Eglises d'Asie – Corée du sud
Un moine bouddhiste s’est immolé par le feu afin de protester contre le projet gouvernemental de « Réaménagement des quatre fleuves »
Publié le 06/07/2010
« Gouvernement de Lee Myung-bak, luttez contre la corruption, mettez-vous au service des gens ordinaires, des pauvres et des exclus, et non à celui des chaebol (1) et des riches », pouvait-on encore lire sur le mot manuscrit laissé par le Vénérable Munsu.
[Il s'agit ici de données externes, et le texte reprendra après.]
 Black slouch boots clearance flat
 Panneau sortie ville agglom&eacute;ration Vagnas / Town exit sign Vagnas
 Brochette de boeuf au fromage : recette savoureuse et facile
Le Vénérable Munsu appartenait au temple Jibo (Jibosa), situé non loin du fleuve Nakdong, dans la province de Gyeongsang-Nord, à 200 km au sud-est de Séoul. Selon ses proches, il y menait une vie paisible, centrée sur la pratique de l’ascèse, et ne figurait pas parmi les moines engagés dans les débats de société. Pour le Vénérable Jigwan, membre actif de l’ONG de défense de l’environnement Buddhist Environmental Solidarity, « en tant que moine bouddhiste dont un des principes fondamentaux est ‘la non-destruction de la vie’, il a dû s’inquiéter au plus haut point de la disparition de la vie dans les fleuves ».
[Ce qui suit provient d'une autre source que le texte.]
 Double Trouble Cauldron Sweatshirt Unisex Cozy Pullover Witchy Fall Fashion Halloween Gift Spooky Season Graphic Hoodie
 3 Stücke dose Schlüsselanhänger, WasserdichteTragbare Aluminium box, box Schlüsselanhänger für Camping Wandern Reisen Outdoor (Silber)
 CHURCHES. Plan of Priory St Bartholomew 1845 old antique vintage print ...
L’auto-immolation du moine bouddhiste intervient en effet dans un contexte particulier. Depuis des mois, des ONG de défense de l’environnement, relayées par l’Eglise catholique et, plus récemment, par une partie des moines bouddhistes, manifestent leur opposition au « Réaménagement des quatre fleuves », un projet gouvernemental de 13 milliards d’euros que le président Lee promeut comme nécessaire au soutien de la conjoncture économique, à la maîtrise des inondations et à la lutte contre la pollution (2). Le fleuve Nakdong figure parmi les quatre fleuves concernés par le projet. Le 10 mai dernier, les catholiques ont réuni plusieurs milliers de personnes sur la place de la cathédrale Myeongdong à Séoul et, le 17 mai, l’Ordre Jogye, la plus importante dénomination du bouddhisme coréen, a pris publiquement position contre le projet du gouvernement. Toutefois, jusqu’à la mort choisie par le moine Munsu, jamais ce combat n’avait fait de victime.
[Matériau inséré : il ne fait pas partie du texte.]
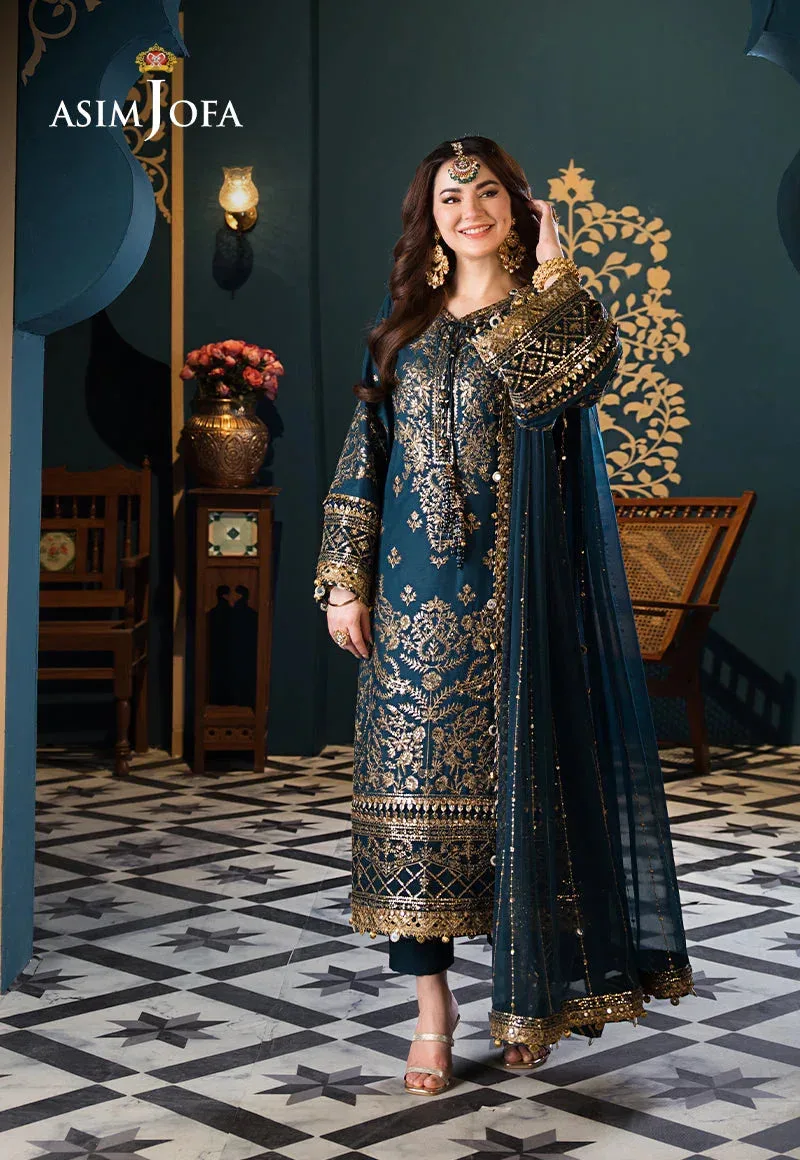 Asim Jofa Fasana e Ishq Eid Luxury Lawn Teal Chiffon – view 1 – Poshaq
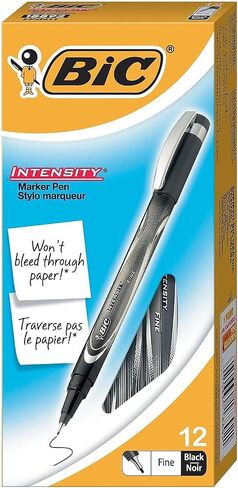 BIC Intensity Fineliner Marker Pen, Fine Point (0.5mm), Red Marker, Clean & Crisp Writing, 12-Count in Saudi Arabia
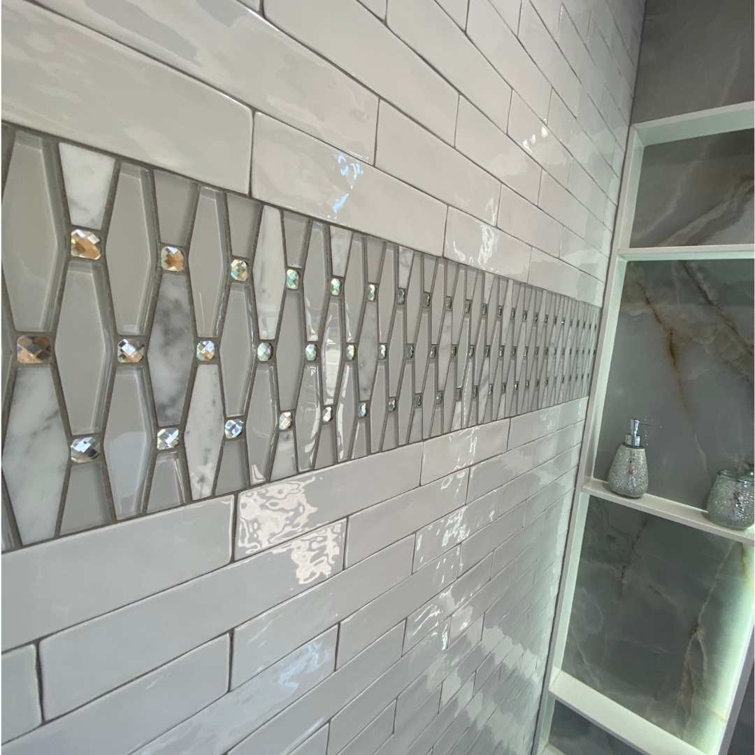 Carrara Diamond 12" x 12" White and Gray Glass Mosaic Wall Tile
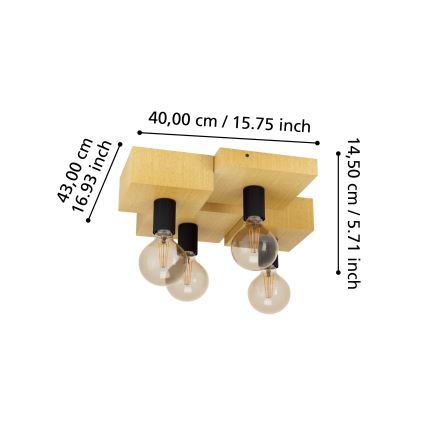Eglo - Kattovalo 4xE27/40W/230V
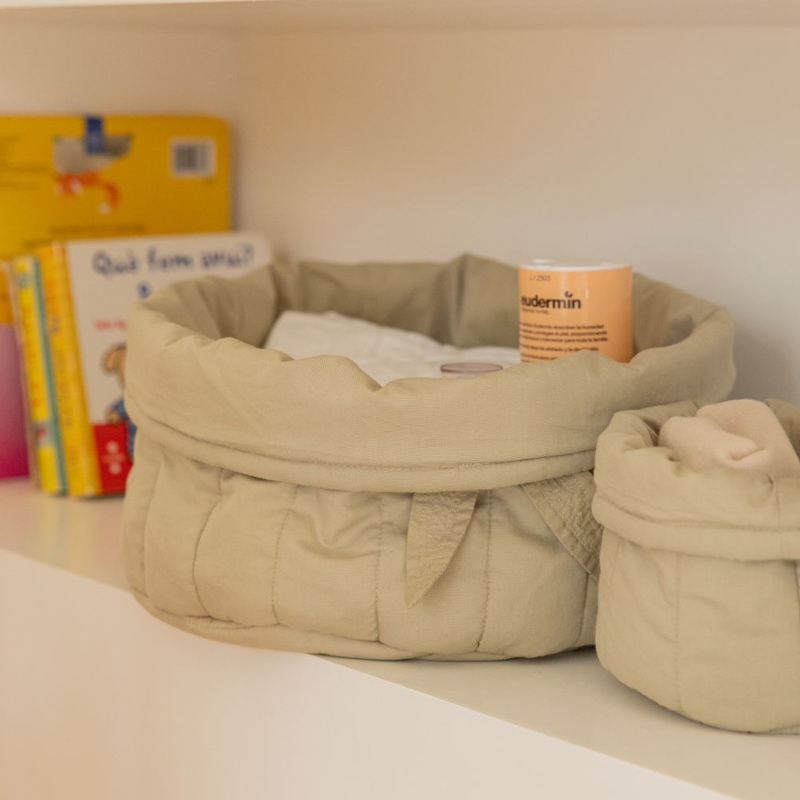 baby nest, Baumwolle, beige, Korb, gepolstert
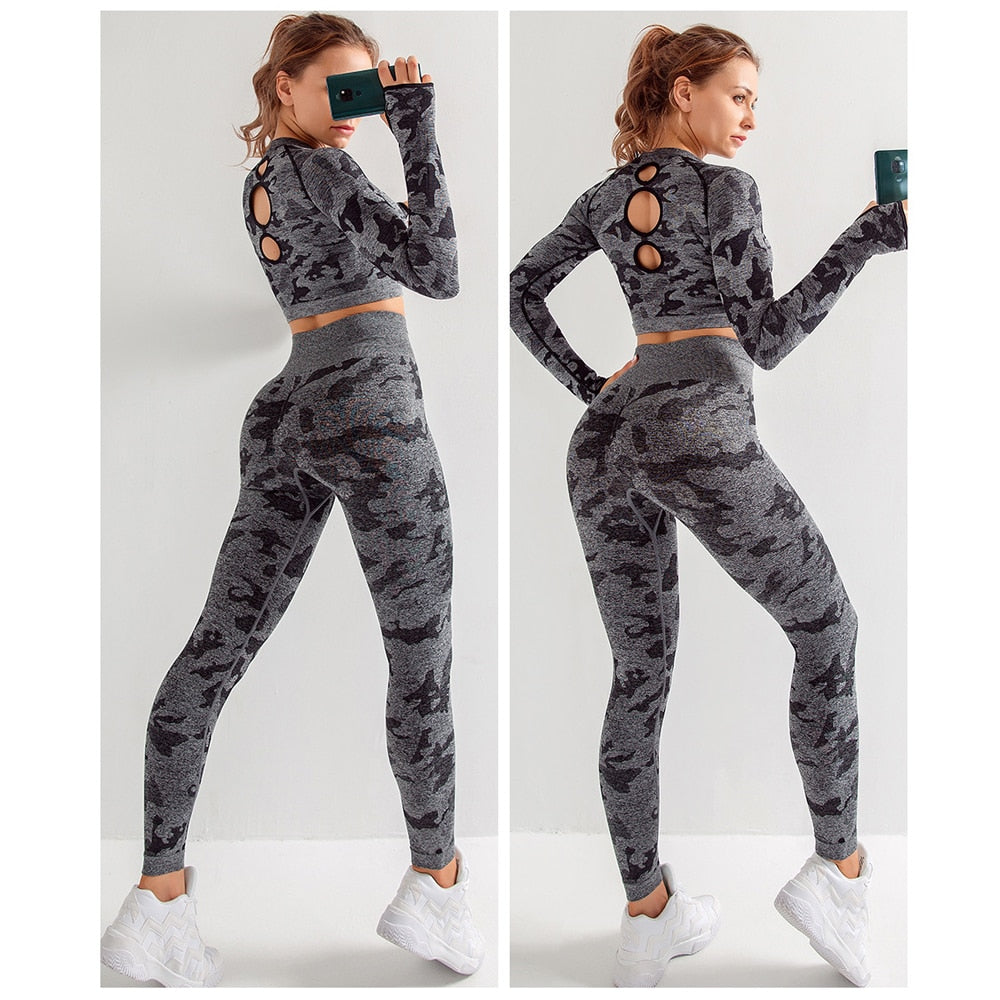 Seamless Gym Yoga Set Women Gym Clothes Camo Gym Set Women Tracksuit Fitness Women Sport Set Workout Clothes For Women Sportwear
Traditionnellement, dans le bouddhisme, l’auto-immolation n’est pas tant un acte de protestation politique qu’un acte fondé sur la croyance que celui qui choisit cette mort, par son action désintéressée, peut influer sur la destinée du monde qui l’entoure. De fait, selon le Vénérable Jigwan, la mort du moine bouddhiste ne doit pas être comparée à un suicide ; elle est « une offrande à Bouddha » pour arrêter le projet. « La première règle dans le bouddhisme est de ne pas tuer les êtres vivants, parce que nous, les humains, nous avons besoin des animaux, de l’eau et de l’air pour vivre et que nous ne pouvons vivre sans eux. En détruisant les fleuves, nous nous tuons nous-mêmes – c’est ainsi que nous devons le comprendre », a précisé le Vénérable Jigwan.
Alors que l’attention des médias est mobilisée par l’actualité nord-coréenne et les élections locales du 2 juin (élection des gouverneurs de province et des maires des grandes villes), la mort du Vénérable Munsu est passée relativement inaperçue en Corée du Sud. Du côté catholique, le P. Paul Suh Sang-geen, coordinateur de « Solidarité catholique pour l’opposition aux projets des quatre fleuves », a déclaré : « C’est une tragédie que l’on en arrive au point où un religieux doive donner sa vie pour empêcher la réalisation de ce projet. Je crains que l’on connaisse d’autres tentatives semblables. »
Dans les années 1980 et 1990, dans le cadre de manifestations en faveur de la démocratisation des institutions politiques et sociales, des étudiants et des ouvriers s’étaient donné la mort par auto-immolation.